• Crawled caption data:
▼▼▼

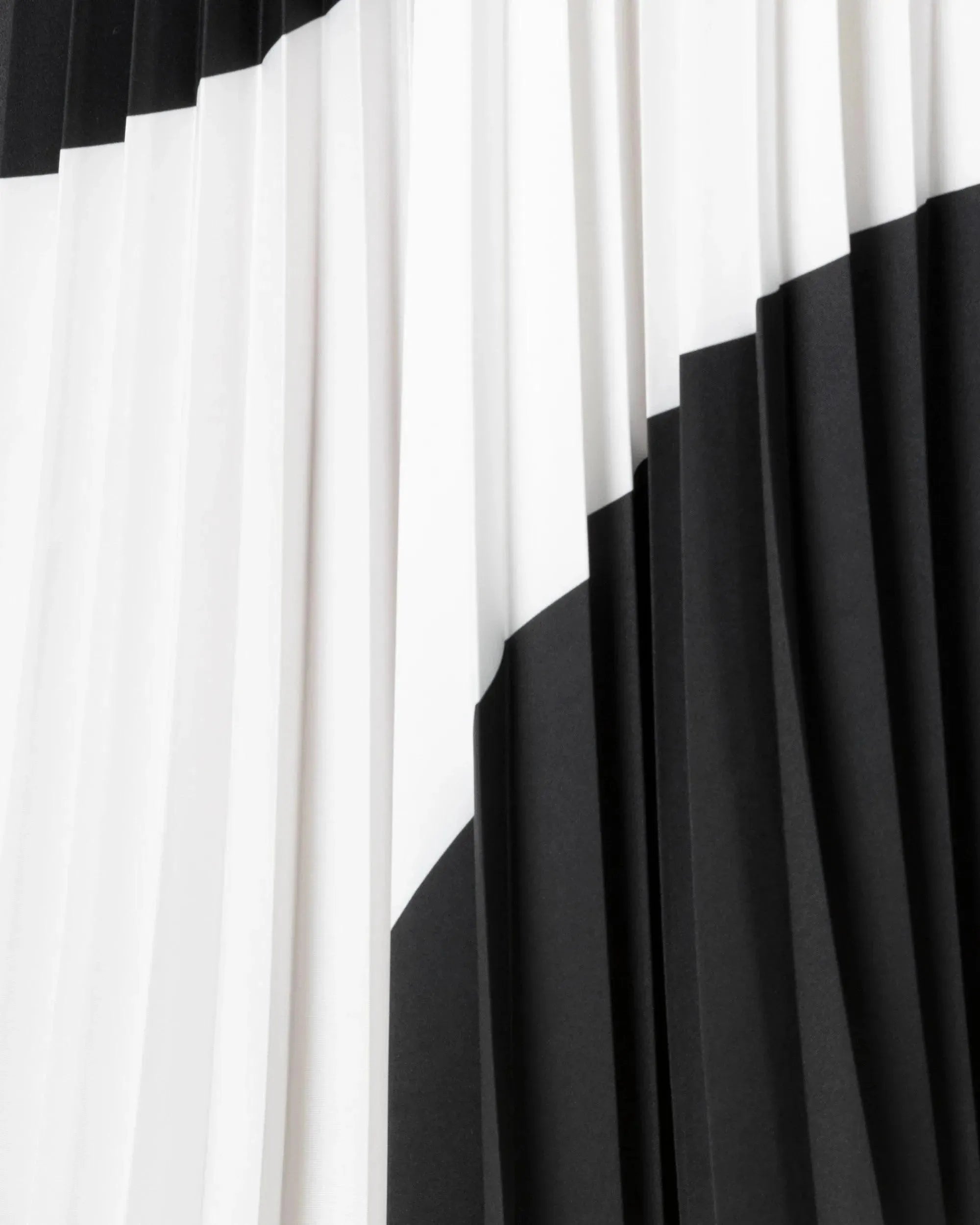 Spiral Plisse Skirt - DIHSAN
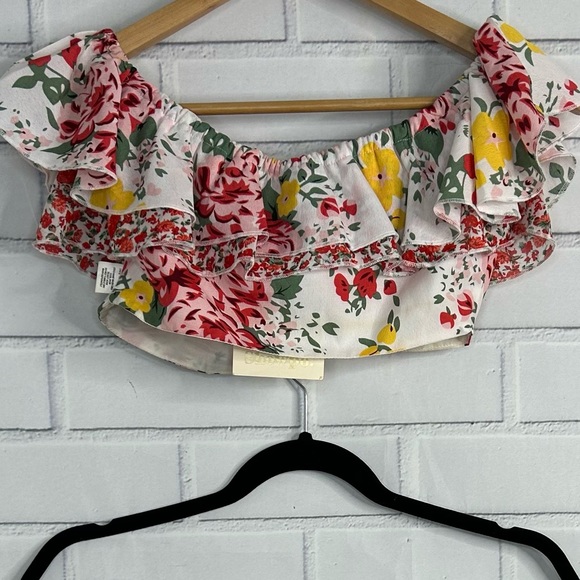 Showpo Sassy Senorita Top in White Floral size 4 - Picture 3 of 7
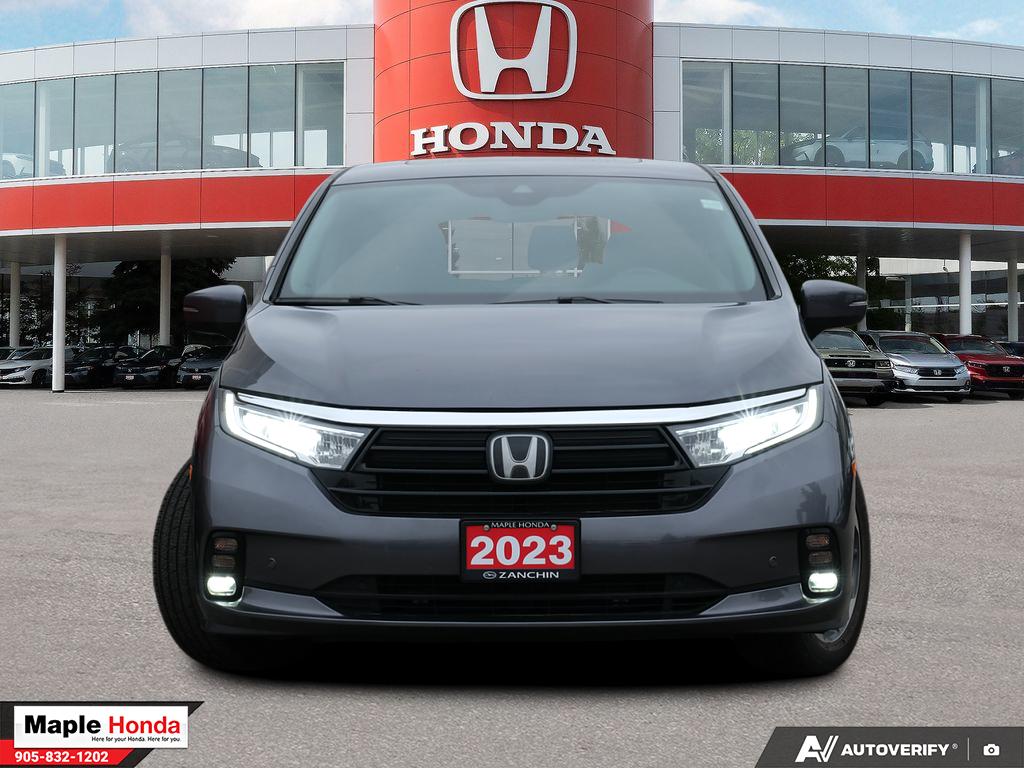 2023 Honda Odyssey Touring — front straight-on view
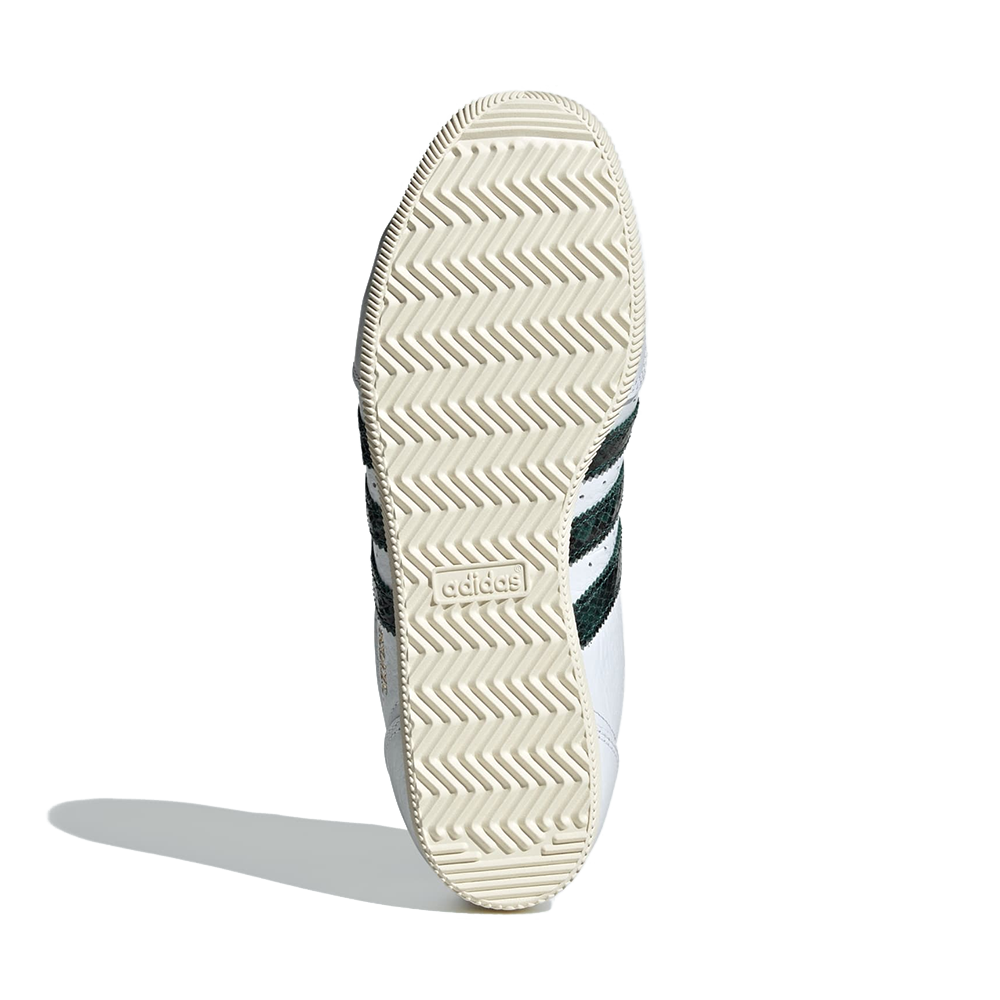 W Japan 'Cloud White Collegiate Green'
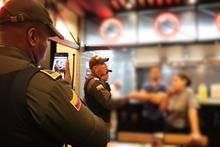 Crece a 12 el n&uacute;mero de comercios sancionados por mal manejo de residuos en Cali en 2025: $18 millones en multas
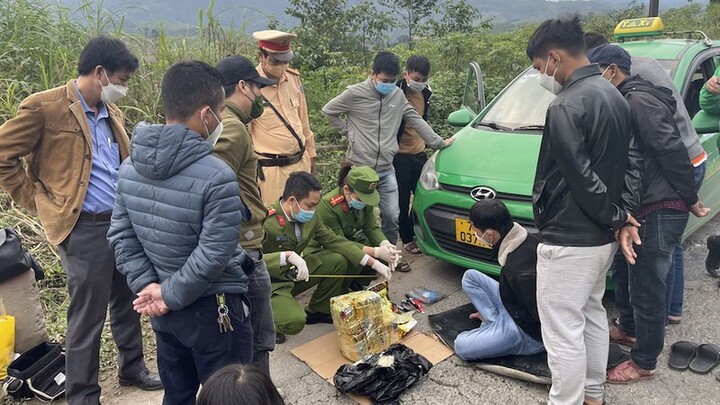 Bắt 2 đối tượng vận chuyển 10kg ma tuý đá ở Quảng Trị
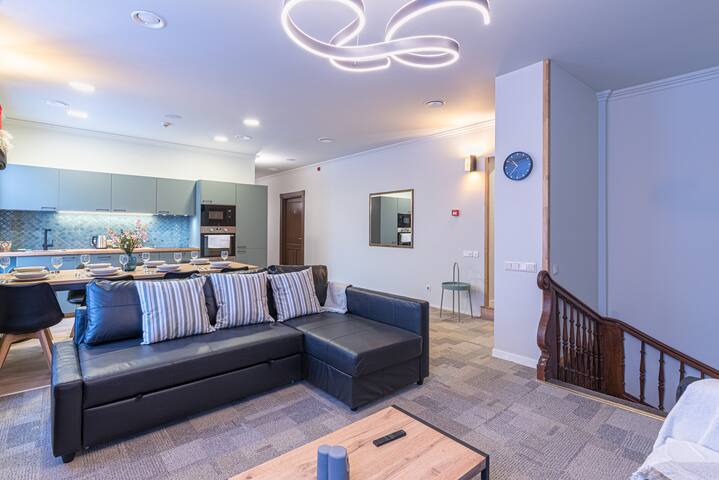 U⓸ Bruny | by Dandelion Apartments & Suites gallery image 2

▲▲▲

• Task goal: An exact copy of the records above is needed, free of pictures.

• Output for this exercise:
 Spiral Plisse Skirt - DIHSAN
 Showpo Sassy Senorita Top in White Floral size 4 - Picture 3 of 7
 2023 Honda Odyssey Touring — front straight-on view
 W Japan 'Cloud White Collegiate Green'
 Crece a 12 el n&uacute;mero de comercios sancionados por mal manejo de residuos en Cali en 2025: $18 millones en multas
 Bắt 2 đối tượng vận chuyển 10kg ma tuý đá ở Quảng Trị
 U⓸ Bruny | by Dandelion Apartments & Suites gallery image 2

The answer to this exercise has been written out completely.